Que sont les American Friends ? Ce sont des organisations américaines qui bénéficient du statut de 501(c)3, qui permet à des Américains de faire des dons à des institutions étrangères, tout en bénéficiant de déductions fiscales aux États-Unis. Il existe environ 2 000 associations d’American Friends, pour de nombreux pays (la France, le Royaume-Uni, Israël, l’Australie, l’Inde, etc.) et des institutions dans des domaines très divers (culture, santé, éducation, etc.).

La mission de ces associations est de lever des fonds pour l’institution à laquelle elles sont rattachées et elles organisent pour cela des événements et des activités (dîners, galas, conférences, visites, voyages) dans le pays donateur et le pays récipiendaire (aux États-Unis et en France dans ce cas précis).

De droit américain, mais rattachées à une institution française, ces associations sont des structures à cheval entre la France et les États-Unis et vont donc se trouver dans une double dépendance.
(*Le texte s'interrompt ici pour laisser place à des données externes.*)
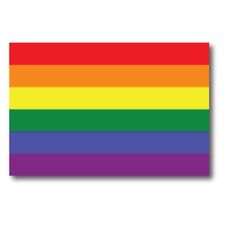 Magnet Me Up Gay Pride Rainbow Flag Car Magnet Decal-LGBT-4x6-Waterproof Lesbian picture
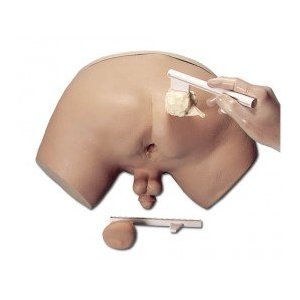 Prostata Untersuchung Simulator 1029 Euro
En effet, elles sont, d’un côté, dépendantes du statut de 501(c)3, qui s’accompagne d’un certain nombre de règles à respecter, sous peine de voir son statut être révoqué (ce qui arrive à certaines). Elles sont, d’un autre côté, dépendantes de l’institution pour laquelle elles lèvent des fonds car il y a un prêt d’image, de nom, et donc de réputation. L’un des défis de ces associations est donc de parvenir à représenter tout autant les intérêts des mécènes américains auprès des institutions françaises que ceux des institutions françaises auprès des mécènes américains.

Le rôle clé du capital social dans les levées de fonds

L’un des éléments clés de la levée de fonds de ces associations – et même de la levée de fonds plus généralement – est le capital social : sans réseau, sans contacts, impossible de trouver des donateurs. D’ailleurs la sociabilité des élites américaines est marquée par les événements philanthropiques (et notamment les galas) qui reposent beaucoup sur la pression sociale : les personnes demandent à leurs amis de donner aux causes qu’ils soutiennent, et celles-ci leur demanderont en retour de soutenir leurs causes (« fundraising as friendraising »).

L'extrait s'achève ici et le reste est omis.